> [Problem details]: Within the entries below, please return exactly the lines from the one with "A Woman Sitting" through the one with "May include: McCall's", leaving out any pictures.

> [Information]:
--- START ---
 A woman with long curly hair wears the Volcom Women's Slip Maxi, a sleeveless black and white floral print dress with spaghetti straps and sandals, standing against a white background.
--- END ---
--- START ---
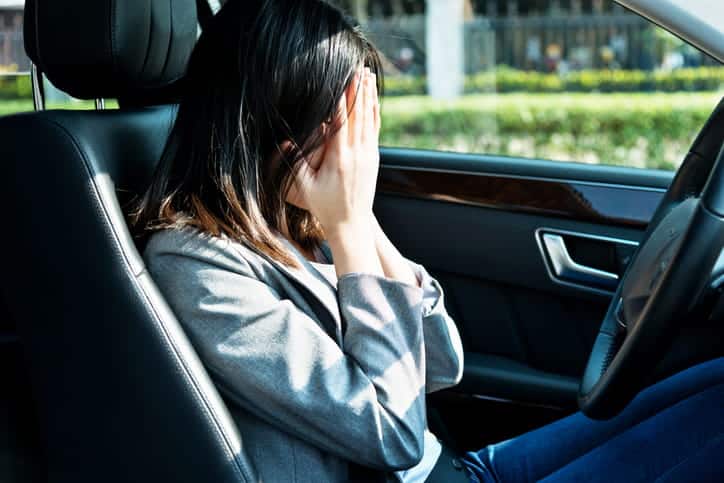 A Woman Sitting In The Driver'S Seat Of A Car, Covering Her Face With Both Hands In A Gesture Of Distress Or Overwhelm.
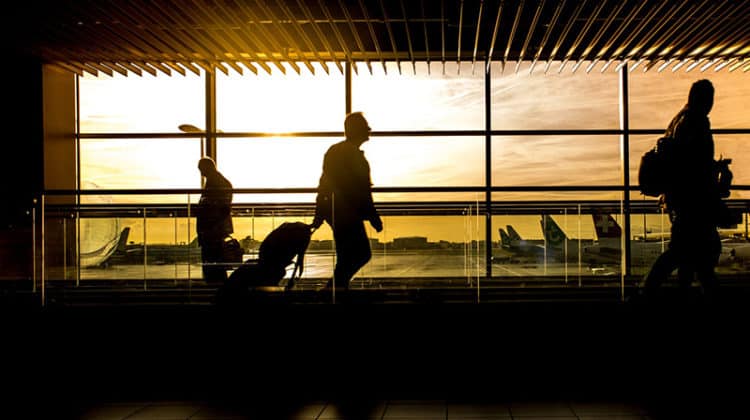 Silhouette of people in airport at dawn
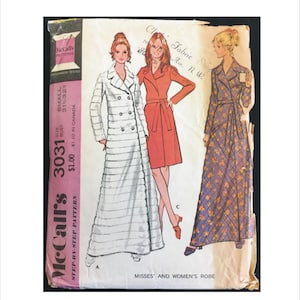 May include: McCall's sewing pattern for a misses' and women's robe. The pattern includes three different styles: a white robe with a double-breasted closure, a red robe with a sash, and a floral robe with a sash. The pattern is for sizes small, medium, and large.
--- END ---
> [Solution to the problem]:
 A Woman Sitting In The Driver'S Seat Of A Car, Covering Her Face With Both Hands In A Gesture Of Distress Or Overwhelm.
 Silhouette of people in airport at dawn
 May include: McCall's sewing pattern for a misses' and women's robe. The pattern includes three different styles: a white robe with a double-breasted closure, a red robe with a sash, and a floral robe with a sash. The pattern is for sizes small, medium, and large.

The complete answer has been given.